Jeanne Ray was 60 when she wrote
Romeo and Julie,
a delightful novel about two middle-aged florists long separated by family hatred. Part of the reason she wrote it was that she was tired of not seeing people her own age in books.
Sorry to barge in, but Betsy is playing my favourite game; I love collecting these kinds of writers' stories too.
Mary Wesley published her first book at 70. "I have no patience with people who grow old at 60 just because they are entitled to a bus pass," she said once. "Sixty should be the time to start something new, not put your feet up."
Mary Lawson's book Crow Lake just won the Canadian First Novel Award. It was published when she was 55.
A writer writes, period.
Publishing age is not a bar to a great book; why should it be? The longer you live, the more stories you have to tell.
Yeah, I know; it's just that at this point in my life I find the stories of authors who plugged away at it, usually part-time, for decades both comforting and inspiring.
Especially on days like today, when my work consists of massaging and collating multiple press releases into somewhat-readable form, and I can feel any stray bits of creativity I have left leaking out my ears (along with the grey matter).
Oh, I think the later in life writers are kickass. I also tend to think that the books I'll write at 60 (assuming I make it that far) are going to be far more amazing than anything I've had to say to date.
But I'm not the ideal person for this discussion, I think. I wrote my first three and a half books while running computer operations for a two-city banking regulatory law firm. I dealty by hiring a secretary whose mother is a famous poet, so who knew what I was about, and I got a lot done.

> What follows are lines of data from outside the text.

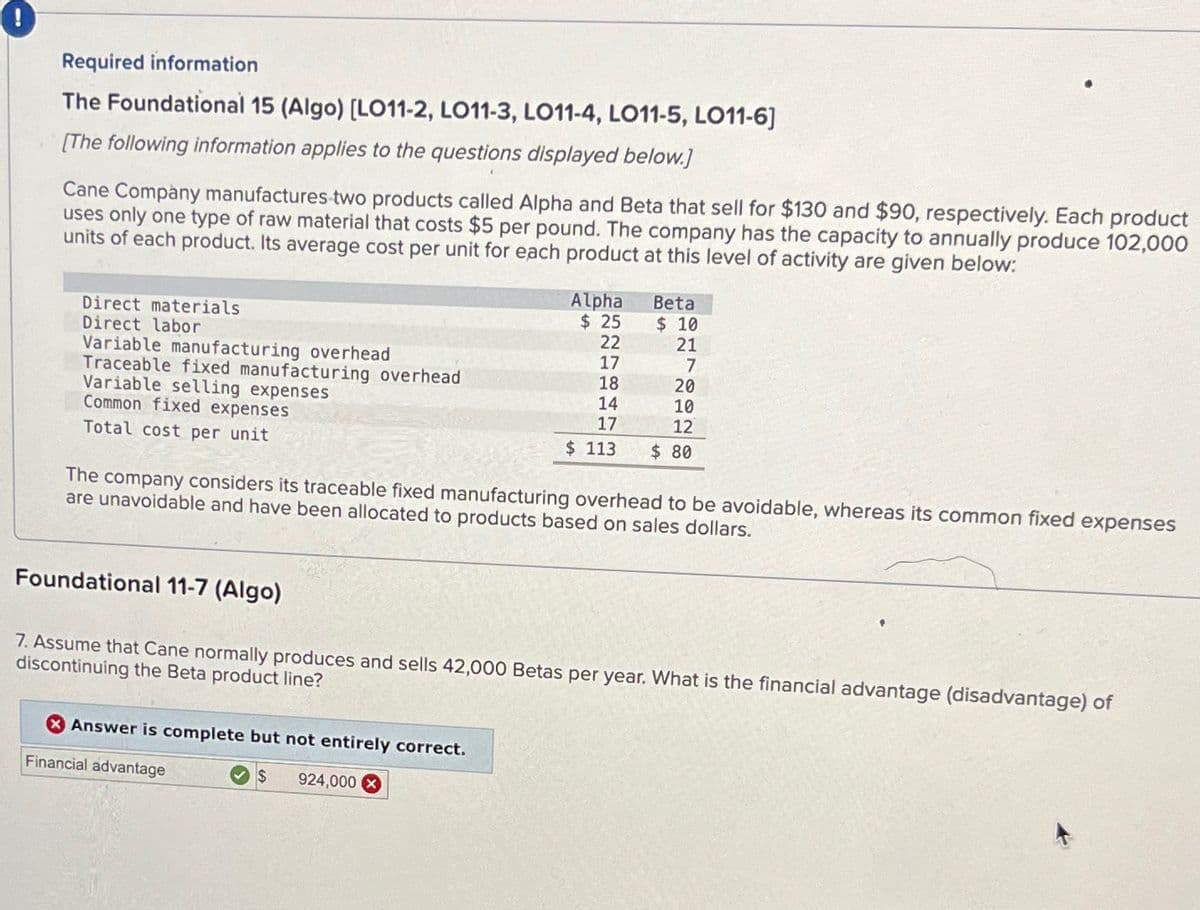 !
Required information
The Foundational 15 (Algo) [LO11-2, LO11-3, LO11-4, LO11-5, LO11-6]
[The following information applies to the questions displayed below.]
Cane Company manufactures two products called Alpha and Beta that sell for $130 and $90, respectively. Each product
uses only one type of raw material that costs $5 per pound. The company has the capacity to annually produce 102,000
units of each product. Its average cost per unit for each product at this level of activity are given below:
Direct materials
Variable manufacturing overhead
Direct labor
Traceable fixed manufacturing overhead
Variable selling expenses
Common fixed expenses
Total cost per unit
Alpha
$ 25
Beta
$ 10
22
21
17
7
18
20
14
10
17
12
$ 113
$ 80
The company considers its traceable fixed manufacturing overhead to be avoidable, whereas its common fixed expenses
are unavoidable and have been allocated to products based on sales dollars.
Foundational 11-7 (Algo)
7. Assume that Cane normally produces and sells 42,000 Betas per year. What is the financial advantage (disadvantage) of
discontinuing the Beta product line?
Answer is complete but not entirely correct.
Financial advantage
$
924,000X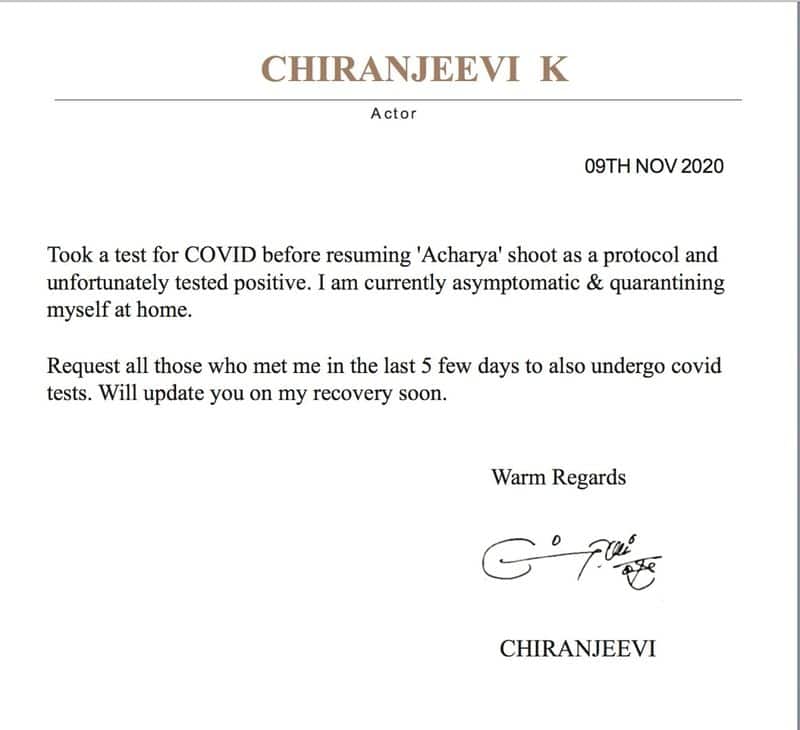 Telugu megastar Chiranjeevi Tested Covid positive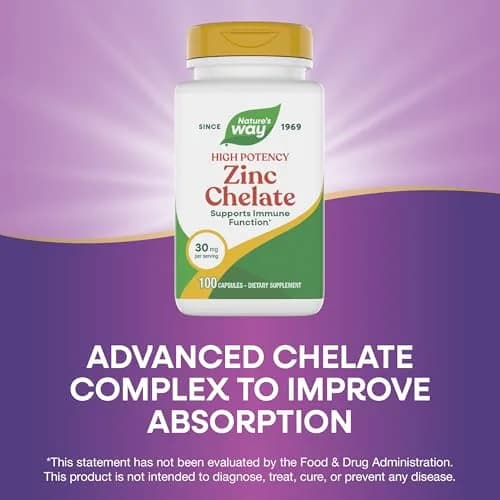 Nature's Way Zinc Chelate Mineral Supplement 30 mg 100 Capsules | Supports Immune Function thumbnail 4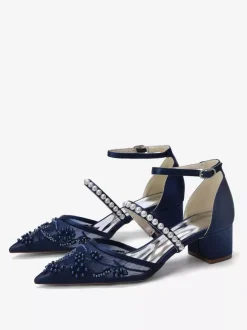Lace Wedding Shoes Chunky Heel Pointed Toe Pearls Low Heel Bridal Shoes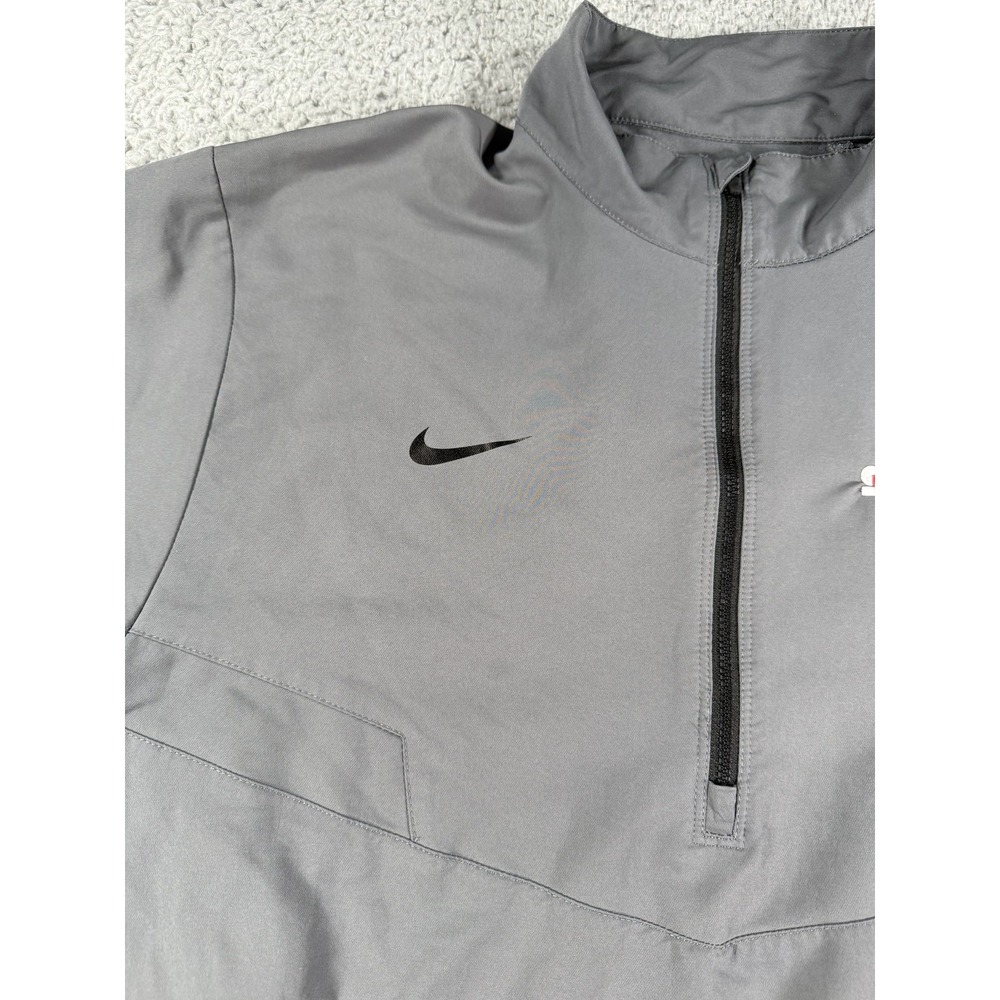 Nike Seton Jacket Mens Large Gray Quarter Zip Windbreaker NCAA Baseball Pullover - Picture 5 of 15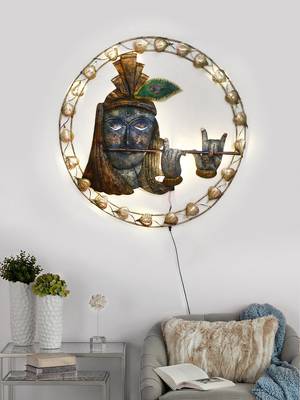 eCraftIndia Lord Krishna Playing Flute Handcrafted Iron Wall Hanging with background LED's 1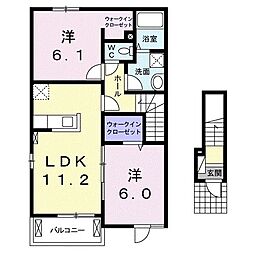 ソレイユアルカンシェルA 2LDKの間取図画像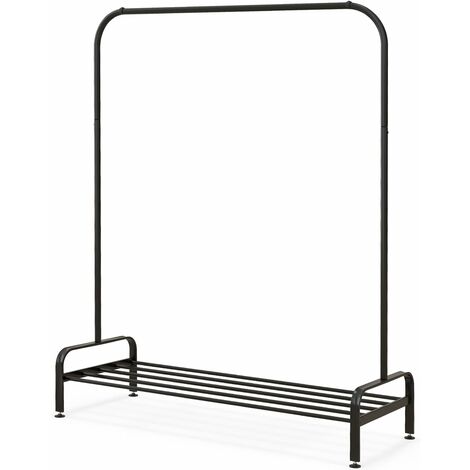 GOPLUS Portant à Vêtements en Métal avec étagères de Rangement et Pieds Réglables, Clips Antidérapants, Porte-Vêtements Multifonctionnel pour Chambre, Balcon, Salon, 112,5X40X144CM, Montage Simple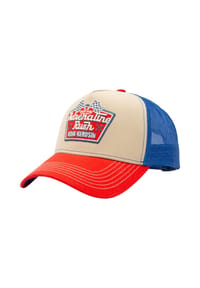 KING KEROSIN - Trucker Cap Trapezförmiger Patch mit Zielflaggen und karierte Schirmunterseite Adrenaline Rush - mehrfarbig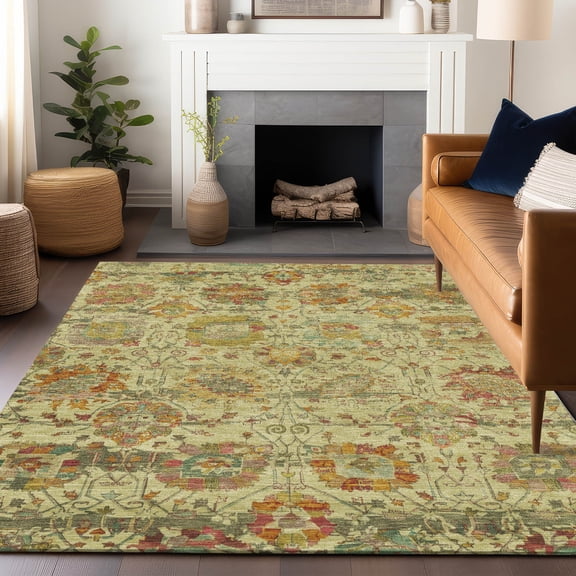 Addison Rugs Chantille Indoor/Outdoor Traditional Global Gold Machine Washable Rectangle Rug, 10' x 14'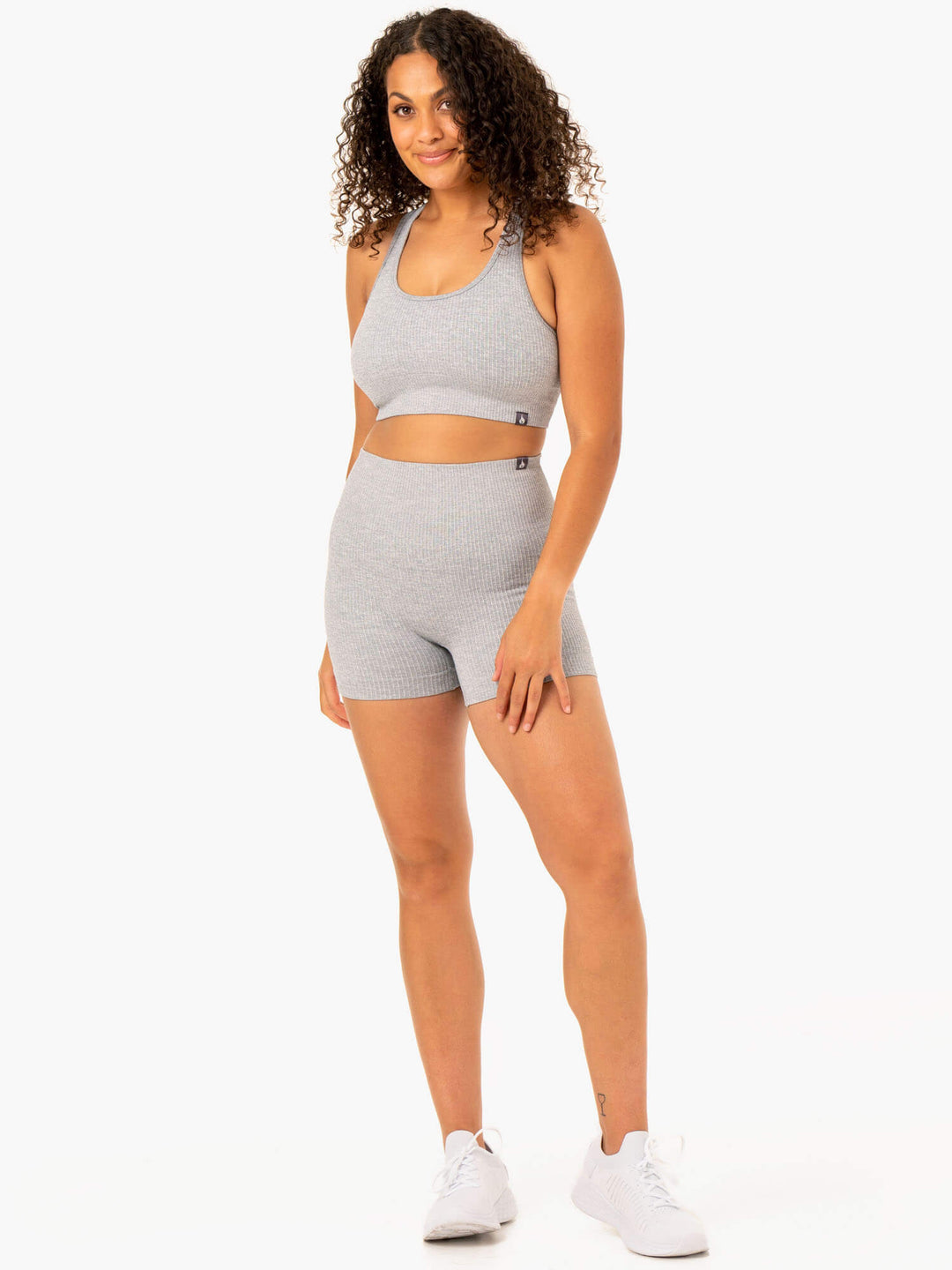 Rib Seamless Sports Bra - Light Grey Marl Clothing Ryderwear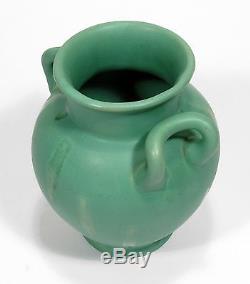 Camark Pottery matte green Arts & Crafts 2 handled drip vase Camden Arkansas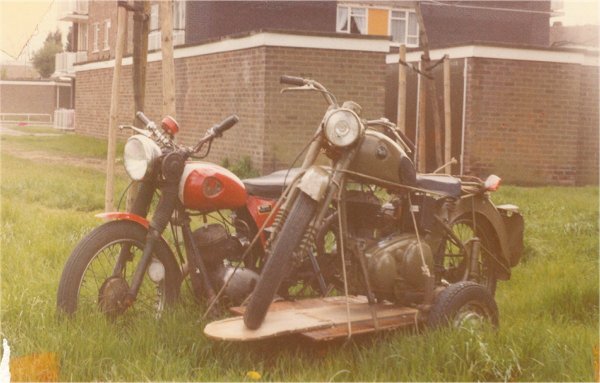 Sat on the Bantam's sidecar, at the rear of the Meadow Avenue flats.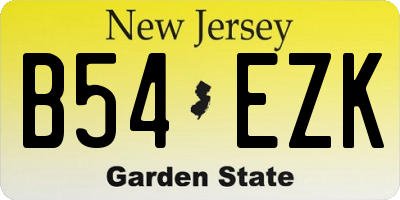 NJ license plate B54EZK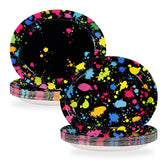 50Pcs Neon Glow Oval Paper Plates - Grencian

Without that, I'd have got a lot less written, I guess.
I'm having one of Those Moments.
"Matty Groves" is, realistically, a few weeks away from being finished. It's at nearly 55,000 words, and I'm charging down the straightaway to the big finish and epilogue, which are the easy parts for me to write. In the first two, I did the Big Bang Exorcism Concerts, all 13 or so pages, in one gulp each.
For some reason, I'm finding the feeling about finishing "Matty" very odd. It isn't that my house will be untenanted; on the contrary, I can then ask my betas and my agent to look at the entire thing instead of sections, and while I'm waiting for input, I can research UXB units in London after WWII and also do a little refreshing of my memory on the 15th century, both for the fourth book ("Cruel Sister"). Also, I can go slamming fulltime into "The Eden Tree", which I want to concentrate on.
So I don't know why I'm feeling so odd about being close to the end on this one.
But I am.
"Matty Groves" is, realistically, a few weeks away from being finished. It's at nearly 55,000 words, and I'm charging down the straightaway to the big finish and epilogue, which are the easy parts for me to write.
Yay, you! I checked for the first time last night, and Nihilist Chic is currently at 35,000 words or so. It's longer than I thought it was. Which is odd. The end's all plotted, except that I just made a major change that means I have to rework everything, and I've scrapped working linearly for awhile, to go back and write some secondary character stuff.